A city in California has voted to ban the construction of new gas stations, with far-left “green” activists hoping that this will be the beginning of a new broader trend, according to Axios.
In the city of Petaluma, California, the city council voted unanimously to proceed with a resolution that would permanently ban the construction and implementation of new gas stations. The final vote on the matter will take place next Monday. Among the proposed ban’s requirements are further restrictions on the 16 existing gas stations in the city, including forbidding them from adding new pumps.
The Democratic council member who introduced the resolution, D’Lynda Fischer, said that “the goal here is to move away from fossil fuels, and to make it easy and possible to do that.” The resolution is supported by a far-left environmental group called Stand.earth. Stand.earth’s oil and gas campaign director, Matt Krogh, applauded the resolution as “political bravery,” while claiming that “we don’t really need new gas stations.” Krogh added that “ideas like this can spread rapidly, particularly in California.”
As such, there are other similar groups across the state of California and elsewhere pushing for similar bans. Among them are the Coalition Opposing New Gas Stations, or CONGAS, which is pushing for a broader ban on new gas stations in the entirety of Sonoma County, California. A similar group called Coltura is attempting to promote similar bans in Seattle, Washington, and elsewhere across the country.

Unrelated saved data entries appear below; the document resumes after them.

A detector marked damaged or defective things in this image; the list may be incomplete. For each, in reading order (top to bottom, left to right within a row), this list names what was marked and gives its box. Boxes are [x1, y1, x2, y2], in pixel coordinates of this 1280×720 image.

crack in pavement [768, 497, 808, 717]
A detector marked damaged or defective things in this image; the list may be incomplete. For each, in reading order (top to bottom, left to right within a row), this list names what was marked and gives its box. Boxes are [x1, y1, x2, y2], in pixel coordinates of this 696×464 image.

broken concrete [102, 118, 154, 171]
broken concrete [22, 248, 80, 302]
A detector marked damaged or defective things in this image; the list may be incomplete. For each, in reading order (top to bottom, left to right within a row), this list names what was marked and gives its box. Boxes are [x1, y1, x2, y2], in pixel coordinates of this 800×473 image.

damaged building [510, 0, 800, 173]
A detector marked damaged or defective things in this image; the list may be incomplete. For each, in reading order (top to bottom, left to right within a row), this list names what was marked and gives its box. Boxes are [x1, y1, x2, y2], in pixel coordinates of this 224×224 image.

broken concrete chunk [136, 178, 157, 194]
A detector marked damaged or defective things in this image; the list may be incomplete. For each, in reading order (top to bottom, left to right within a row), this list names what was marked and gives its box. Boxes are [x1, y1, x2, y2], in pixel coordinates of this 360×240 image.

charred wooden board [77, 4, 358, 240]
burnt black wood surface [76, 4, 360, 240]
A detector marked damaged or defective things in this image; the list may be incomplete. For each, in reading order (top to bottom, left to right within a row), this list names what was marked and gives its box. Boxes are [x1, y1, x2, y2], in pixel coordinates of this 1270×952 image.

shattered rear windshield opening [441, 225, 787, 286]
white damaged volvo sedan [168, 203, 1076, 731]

“Just as the no-smoking movement highlighted the dangers of secondhand smoke,” Coltura’s website claims, “the beyond-gasoline movement raises awareness of the health, climate, and equity impacts of gasoline and diesel use.”
Woody Hastings, the co-coordinator of CONGAS, claims that his group has already blocked at least three applications to build new gas stations in Sonoma. He says that “the 2020s…is not the time to be expanding fossil fuel infrastructure,” adding that “a lot of the stuff that happens here can be framed in the climate crisis frame, and that does motivate people here.”